A pretty effective warning shot across the bow of the one percenters.
Strangely entertaining and revealing documentary about a culture obsessed with money and people aspiring to a life they can't afford. Greed is good once again if you can borrow enough money to consume all you desire. Mind the debt gap.
Audience Reviews for The Queen of Versailles
This may be the most fascinating documentary to be made solely about a family since "An American Family." Jackie and David Siegel are some of the most shallow and yet intelligent people in America, being worth billions, both having a good education, and business acumen. They have gaudy taste, a love of McDonald's, and an inability to understand the debt they owe. Jackie spends too much money, plans for a huge home they now can't afford, and suffers under her husband's ill treatment and cranky attitude. The film starts with them doing well in 2008, planning to build the biggest home in America, and ends two years later with bankruptcy, a defaulted mortgage, and a shipwrecked marriage. The documentarians also interviewed their nannies, their children, their relatives, and others affected by the recession's claim on Siegel's billion dollar company. It's both sad to watch them fall from their pedestal, and creepily satisfying to watch them now know loss. The film ends on a sour note as the family unit starts to collapse, and nothing seems to be resolved. This is a must watch for anyone who loves people who are characters in and of themselves.
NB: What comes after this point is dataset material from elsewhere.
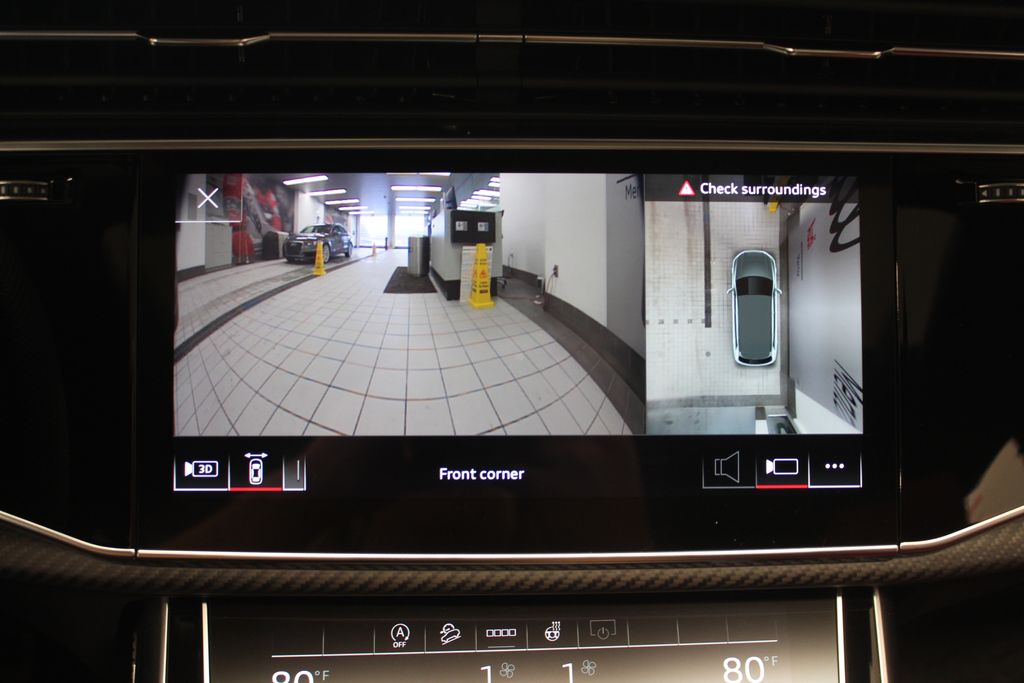 Thumbnail: 2026 Audi SQ7 - 23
Sublime. Trash has never been so white!
There are thousands of stories about the impact of the economic crisis going on in the U.S. "Queen of Versailles" is one of those stories, and it happens to be one of the most interesting ones. This is a documentary about David Seigel, a billionaire who runs Westgate resorts, and his family as they build the biggest house in the U.S. At 90,000 sq. ft it is going to be something unbelievable to behold. 30 bathrooms, 17 kitchens, it's going to have it all. Then in the middle, the documentary becomes something else, as real estate bubble causes the Seigels to lose a fortune, lay off 7,000 employees, and risk losing everything. Their house becomes an unfinished dream, while David searches for a way to fix everything. The Seigels aren't bad people, they actually come off very nice, and seem like genuine good people. But, they are spoiled and filthy rich, so seeing them struggle financially is kind of funny, and you don't feel sorry for them at all really, but you like them. This is very entertaining and interesting, one of the better documentaries of the year. Also, it's a movie that will make you say "wtf?" probably more than any other movie of the year.